Meet Tianyi: Building Community Care Across 12 Time Zones
When we talk about community care, we usually picture people on the ground—caregivers, coordinators, caseworkers meeting families face-to-face.
We rarely picture someone in another country, 12 hours ahead, quietly holding the system together from behind a laptop.
Tianyi is that person.
Based in China, Tianyi serves as a virtual administrative and community support member for Accesso Care, and her work reaches far beyond “admin.”
“I wanted my work to matter to real people.”
Before joining Accesso Care, Tianyi already had a clear sense of what this kind of work could be: supporting people from diverse backgrounds, connecting them with resources, and strengthening community well-being.
“I knew from the beginning it wouldn’t just be paperwork,” she says. “I wanted what I do to actually support real people’s lives, not just exist in documents.”
Choosing to work remotely for a U.S.-based company wasn’t accidental. It was a values-based decision: if her time and skills could help someone feel safer, more informed, or less alone, that was the direction she wanted to move in—no matter the distance.
An inclusive, relaxed, and trusting team culture
When Tianyi describes the Accesso Care team, she comes back to three words: inclusive, relaxed, and friendly.
Even working fully remotely and in a second language, she feels seen and trusted.
She isn’t just “copied on emails”—she is part of the decisions, coordination, and daily problem-solving that keep programs running. That sense of trust is what gives her the confidence and space to take on responsibilities that directly affect frontline impact.
Moments that stay with her
Among many tasks, two types of work stand out as especially meaningful for Tianyi.

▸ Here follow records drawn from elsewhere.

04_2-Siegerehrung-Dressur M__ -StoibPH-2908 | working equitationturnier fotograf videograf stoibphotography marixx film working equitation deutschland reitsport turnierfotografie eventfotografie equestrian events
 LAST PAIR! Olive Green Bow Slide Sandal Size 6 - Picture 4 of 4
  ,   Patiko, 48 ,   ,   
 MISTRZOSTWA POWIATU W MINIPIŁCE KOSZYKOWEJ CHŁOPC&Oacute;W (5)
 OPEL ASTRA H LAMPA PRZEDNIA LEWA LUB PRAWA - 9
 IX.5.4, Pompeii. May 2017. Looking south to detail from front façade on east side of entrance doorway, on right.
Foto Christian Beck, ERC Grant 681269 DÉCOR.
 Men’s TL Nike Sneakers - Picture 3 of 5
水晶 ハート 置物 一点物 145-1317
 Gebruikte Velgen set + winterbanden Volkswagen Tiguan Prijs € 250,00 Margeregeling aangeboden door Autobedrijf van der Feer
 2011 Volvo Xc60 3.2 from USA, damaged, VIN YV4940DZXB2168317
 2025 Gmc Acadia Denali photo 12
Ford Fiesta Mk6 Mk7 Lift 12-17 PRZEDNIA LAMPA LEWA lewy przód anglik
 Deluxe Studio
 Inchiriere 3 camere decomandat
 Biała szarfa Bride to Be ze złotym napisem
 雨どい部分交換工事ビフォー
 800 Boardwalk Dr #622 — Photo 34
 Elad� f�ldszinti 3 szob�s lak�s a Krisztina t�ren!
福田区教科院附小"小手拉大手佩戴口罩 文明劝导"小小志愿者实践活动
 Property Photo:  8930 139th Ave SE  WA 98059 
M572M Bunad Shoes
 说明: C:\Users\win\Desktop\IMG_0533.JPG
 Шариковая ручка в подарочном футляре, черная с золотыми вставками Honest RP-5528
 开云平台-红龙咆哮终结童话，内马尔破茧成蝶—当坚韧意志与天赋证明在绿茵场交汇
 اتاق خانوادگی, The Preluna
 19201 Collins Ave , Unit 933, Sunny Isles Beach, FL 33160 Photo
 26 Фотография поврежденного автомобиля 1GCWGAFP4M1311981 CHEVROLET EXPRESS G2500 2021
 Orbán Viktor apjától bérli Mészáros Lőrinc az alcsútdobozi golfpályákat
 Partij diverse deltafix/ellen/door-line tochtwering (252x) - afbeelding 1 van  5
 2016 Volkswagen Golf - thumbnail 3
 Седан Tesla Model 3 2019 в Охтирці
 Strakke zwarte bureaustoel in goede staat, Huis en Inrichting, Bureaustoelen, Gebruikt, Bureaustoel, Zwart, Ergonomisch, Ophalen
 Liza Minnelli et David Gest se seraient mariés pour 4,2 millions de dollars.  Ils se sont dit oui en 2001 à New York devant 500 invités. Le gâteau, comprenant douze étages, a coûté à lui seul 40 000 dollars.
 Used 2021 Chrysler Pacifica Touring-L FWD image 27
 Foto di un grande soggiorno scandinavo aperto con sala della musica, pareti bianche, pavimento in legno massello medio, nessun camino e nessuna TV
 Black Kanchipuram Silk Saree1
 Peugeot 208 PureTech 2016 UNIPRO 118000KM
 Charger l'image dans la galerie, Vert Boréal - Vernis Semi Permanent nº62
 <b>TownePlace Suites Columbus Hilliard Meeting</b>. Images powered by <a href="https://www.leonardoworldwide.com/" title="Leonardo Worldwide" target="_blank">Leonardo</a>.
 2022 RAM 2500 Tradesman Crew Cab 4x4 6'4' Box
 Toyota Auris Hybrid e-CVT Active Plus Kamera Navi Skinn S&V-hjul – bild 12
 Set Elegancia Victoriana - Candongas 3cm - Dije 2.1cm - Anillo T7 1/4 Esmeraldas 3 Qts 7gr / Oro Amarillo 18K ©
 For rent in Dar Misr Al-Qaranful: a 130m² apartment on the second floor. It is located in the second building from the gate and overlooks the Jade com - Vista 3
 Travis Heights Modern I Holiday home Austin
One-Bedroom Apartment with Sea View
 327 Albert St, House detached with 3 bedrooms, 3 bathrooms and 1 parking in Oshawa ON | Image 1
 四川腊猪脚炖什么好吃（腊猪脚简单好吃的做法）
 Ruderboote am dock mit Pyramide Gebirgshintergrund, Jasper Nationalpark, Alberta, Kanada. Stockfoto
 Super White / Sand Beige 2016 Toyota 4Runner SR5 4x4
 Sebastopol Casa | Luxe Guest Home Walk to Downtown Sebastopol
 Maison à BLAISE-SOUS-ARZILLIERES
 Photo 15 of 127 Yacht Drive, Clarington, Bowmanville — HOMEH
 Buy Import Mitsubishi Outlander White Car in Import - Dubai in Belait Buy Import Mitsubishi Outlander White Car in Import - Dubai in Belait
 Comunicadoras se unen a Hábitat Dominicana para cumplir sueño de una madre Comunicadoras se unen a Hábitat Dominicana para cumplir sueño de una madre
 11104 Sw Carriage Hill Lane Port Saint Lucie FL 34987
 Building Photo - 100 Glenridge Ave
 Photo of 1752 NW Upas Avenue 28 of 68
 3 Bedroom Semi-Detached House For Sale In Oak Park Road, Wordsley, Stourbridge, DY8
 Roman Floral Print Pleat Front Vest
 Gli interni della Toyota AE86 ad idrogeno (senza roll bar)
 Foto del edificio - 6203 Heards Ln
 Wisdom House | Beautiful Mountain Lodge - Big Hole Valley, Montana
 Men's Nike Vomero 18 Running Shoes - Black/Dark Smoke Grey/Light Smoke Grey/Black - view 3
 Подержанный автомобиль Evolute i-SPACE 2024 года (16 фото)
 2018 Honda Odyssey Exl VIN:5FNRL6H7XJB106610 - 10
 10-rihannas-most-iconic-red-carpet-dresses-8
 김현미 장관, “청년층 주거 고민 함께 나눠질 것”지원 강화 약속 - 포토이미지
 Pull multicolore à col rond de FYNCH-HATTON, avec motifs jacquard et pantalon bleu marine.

1. Coordinating a key training across time zones
One highlight was coordinating an important required training session for frontline staff—entirely remotely, across a significant time difference. There were many moving parts, but the outcome mattered: the training helped strengthen safety, protection, and quality of care.
“When it was completed successfully, I felt relieved,” Tianyi recalls. “It wasn’t just an event. It was part of the foundation that keeps workers and families safer.”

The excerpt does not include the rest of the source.